Rosarno, bracciante della Costa D’Avorio trovato morto in un agrumeto. La denuncia dei sindacati: ucciso con forbici da lavoro

A colpire particolarmente è stata la natura cruenta del decesso

Ancora una morte nelle campagne calabre. Ancora un decesso legato alle condizioni di vita dei braccianti che lavorano nella raccolta agricola. È arrivata oggi, 7 novembre, la notizia della morte di Ousmane Keita, un ragazzo di 22 anni originario della Costa d’Avorio.


Il corpo del giovane è stato ritrovato con un paio di cesoie conficcate tra il collo e la testa in un agrumeto nelle campagne di Rosarno, contrada “Bosco”, in provincia di Reggio Calabria. Il corpo di Ousmane era poco distante dalla baraccopoli di San Ferdinando dove risiedeva.


Il ghetto era stato sgomberato a marzo di quest’anno, ma molti dei migranti che l’abitavano non hanno trovato una soluzione alternativa e sono rimasti a vivere nella tendopoli sorta nella stessa zona.

Ora i carabinieri della Compagnia di Gioia Tauro, diretti dalla Procura della Repubblica di Palmi, indagano sulle circostante della morte, valutando l’ipotesi dell’omicidio. Le forbici sono del tipo usato per tagliare i rami delle clementine, un tipo di mandarino coltivato nell’agrumeto. Per accertare le cause del decesso, è stata disposta l’autopsia.

Gli appelli dei sindacati

«Il corpo senza vita di Ousmane Keita – scrive su Facebook l’ex bracciante e sindacalista USB ivoriano Aboubakar Soumahoro – un bracciante 22enne originario della Costa d’Avorio, è stato ritrovato con un paio di cesoie conficcate in gola nelle campagne di Rosarno. Condoglianze e vicinanza ai famigliari. Chiediamo piena luce su questa vicenda».

Anche Davide Fiatti, segretario nazionale della Flai-Cgil, è intervenuto in merito alla natura cruenta del decesso. «La morte di un lavoratore ivoriano, impegnato nel lavoro nei campi nella zona di Rosarno – ha detto – ci lascia profondamente addolorati e preoccupati, anche per la natura cruenta del decesso. Keita Ousmane, infatti, è stato trovato con un paio di forbici da lavoro conficcate nel collo».
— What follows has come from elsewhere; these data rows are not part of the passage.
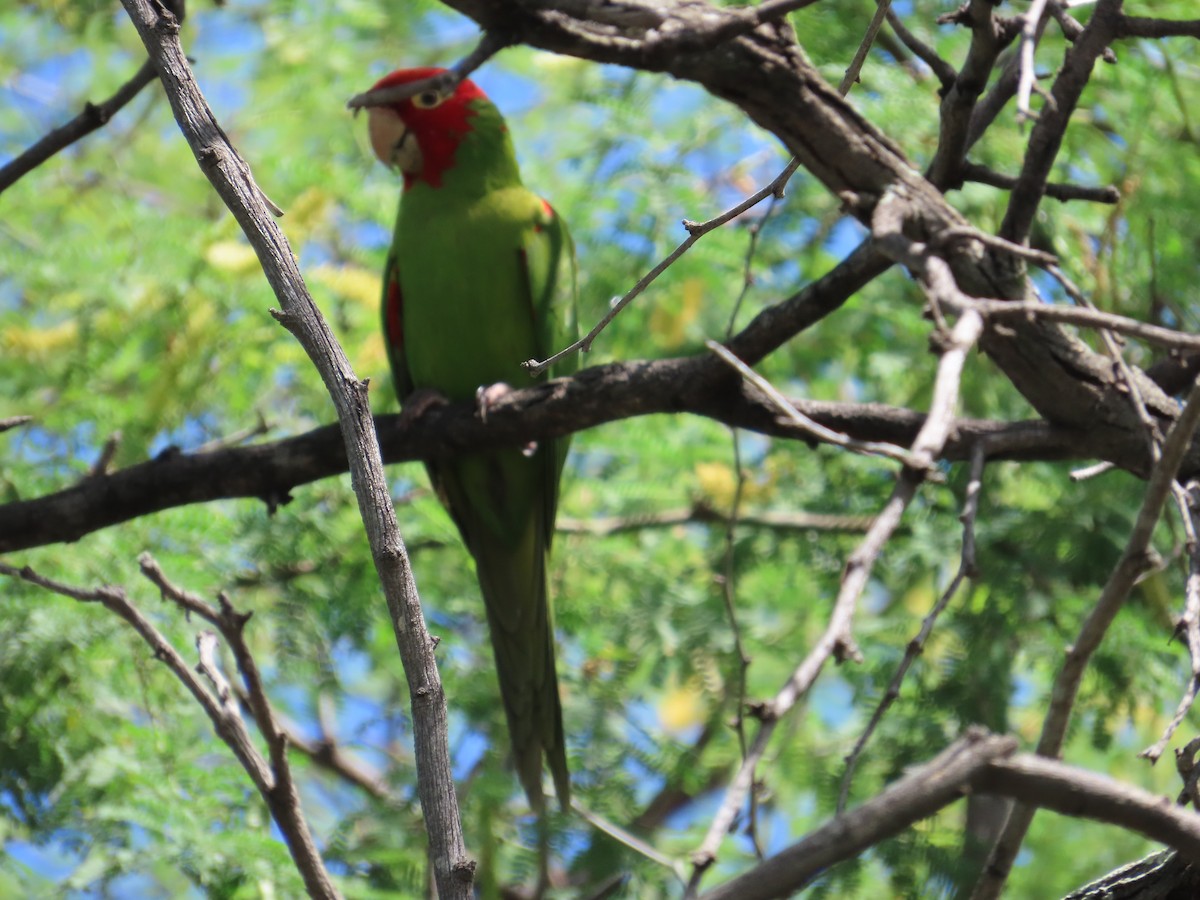 オナガアカボウシインコ - ML619758263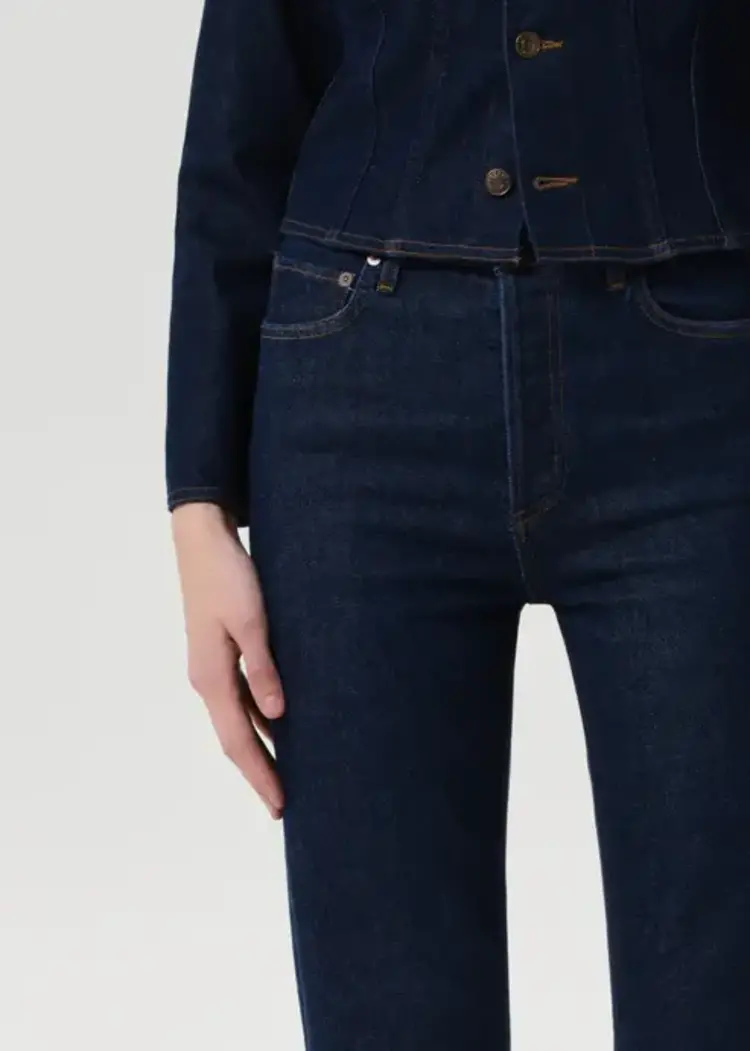 Agolde 90's Pinch Waist Crop in Reissue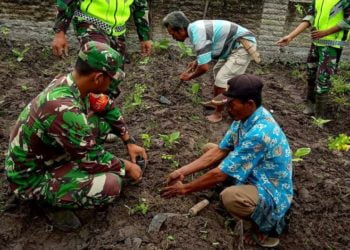 TANAM KELOR. Beberapa anggota Koramil Palas, Lampung Selatan, bersama masyarakat menanam tanaman kelor di Dusun Pemanukan, Desa Tanjungsari, Kamis (5/3). LAMPUNG POST/ARMANSYAH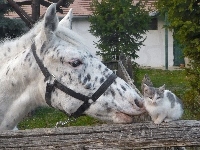 Płot, Koń, Zagroda, Kotek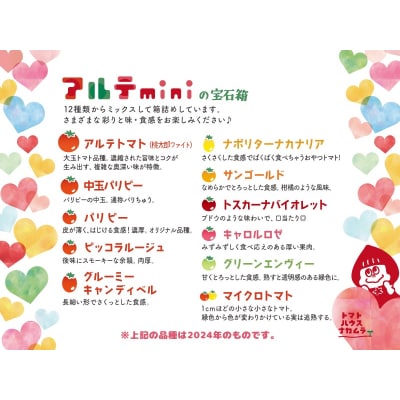 〈2026年1月より順次発送〉アルテminiの宝石箱 約1kg×1箱 フルーツトマト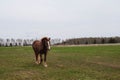 Brown draft horse with a white spot on the head grazing in the meadow Royalty Free Stock Photo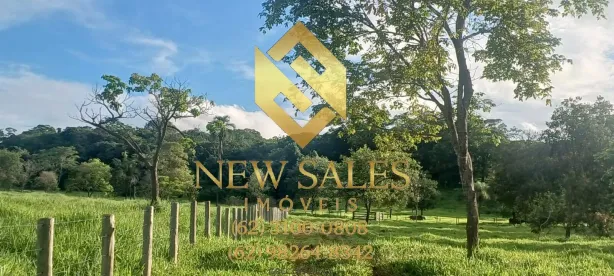 Fazenda/Sítio com 3 Quartos à venda, 96800m² no , Avelinópolis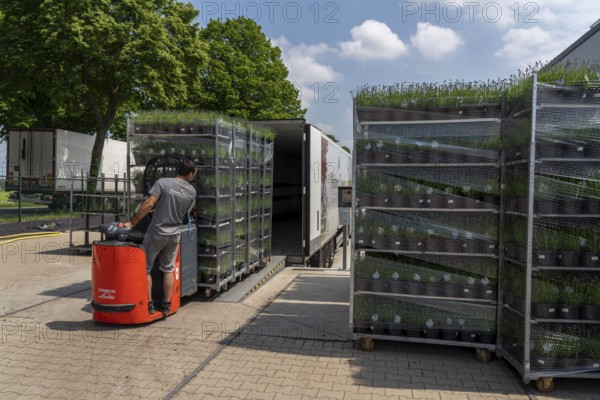 Horticultural company, lavender plants, in flower pots, outdoors, are packed for transport to the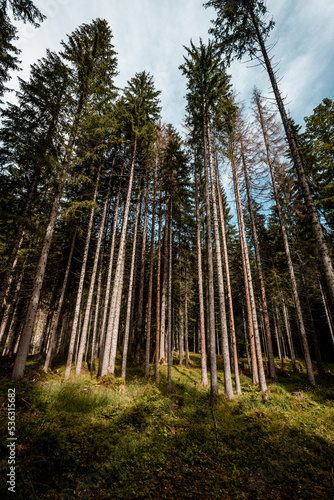 Close look into a dark pine...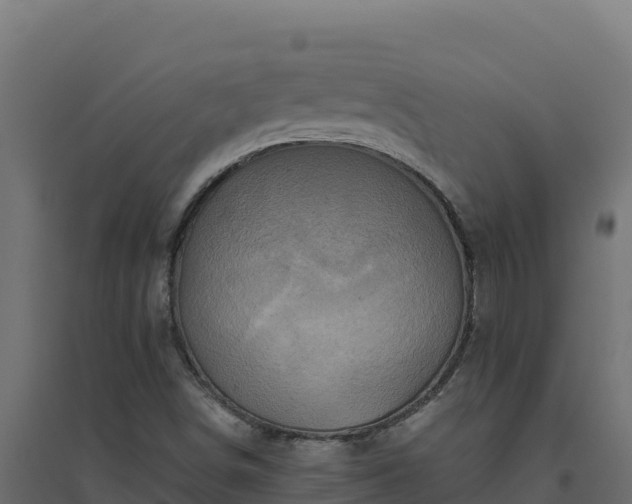 X0000094771498200711241305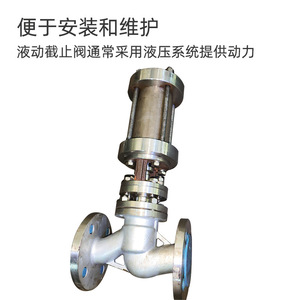 วาล์วไฮดรอลิก 316L สแตนเลส DN100 สองทาง 400 บาร์ 600 ลิตร/นาที - Product Image 4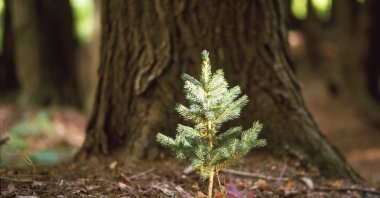 Türkiye's General Directorate of Forestry (OGM) is planting 100,000 saplings in Azerbaijan. (Getty Images Photo)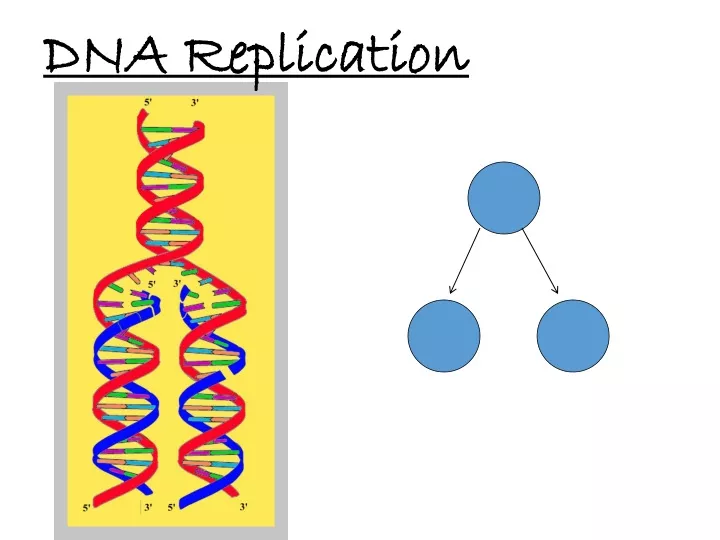 Ppt Dna Replication Powerpoint Presentation Free Download Id9574851 4781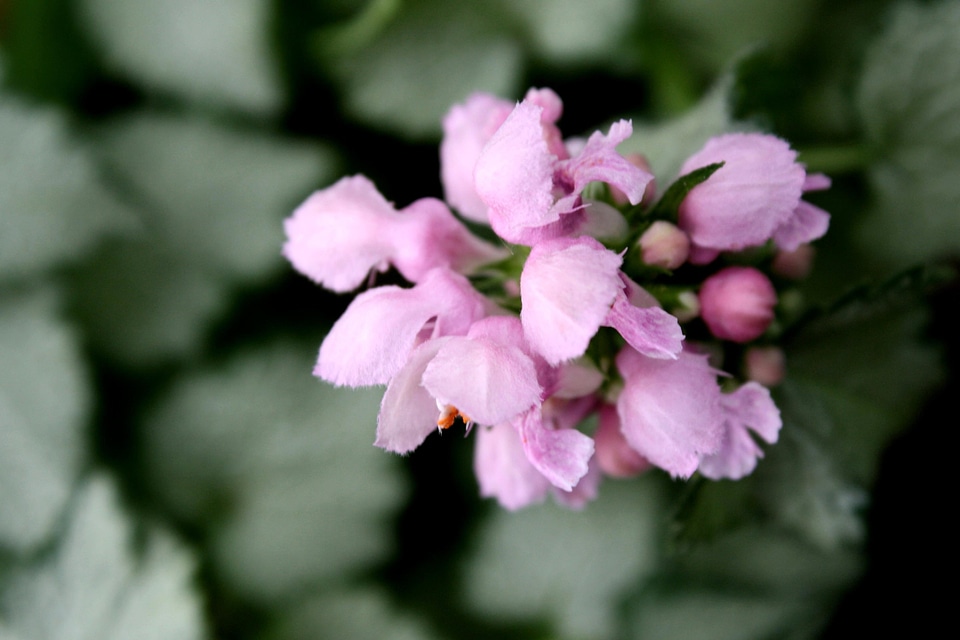 Bloom flowers pinkish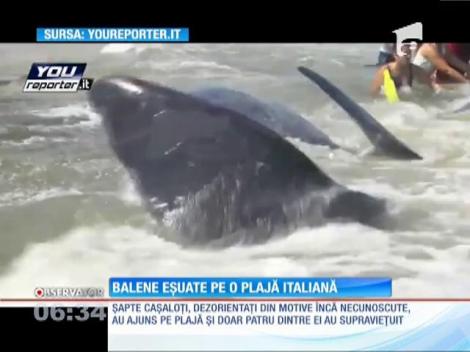 Balene eșuate pe o plajă italiană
«Siamo fiduciosi – ha aggiunto – che dalle indagini emergano con chiarezza le cause della morte e confidiamo nel serio lavoro degli organi inquirenti, delle forze dell’ordine e delle autorità tutte. Una chiarezza necessaria soprattutto in un contesto come quello della Piana di Gioia Tauro, dove sono impegnati nella stagione di raccolta tanti lavoratori, che già vivono quotidiane situazioni di difficoltà e precarietà».

«In questo momento – ha concluso Fiatti – ci stringiamo nel dolore ai familiari e agli amici di Keita e siamo loro vicini nella ricerca della verità».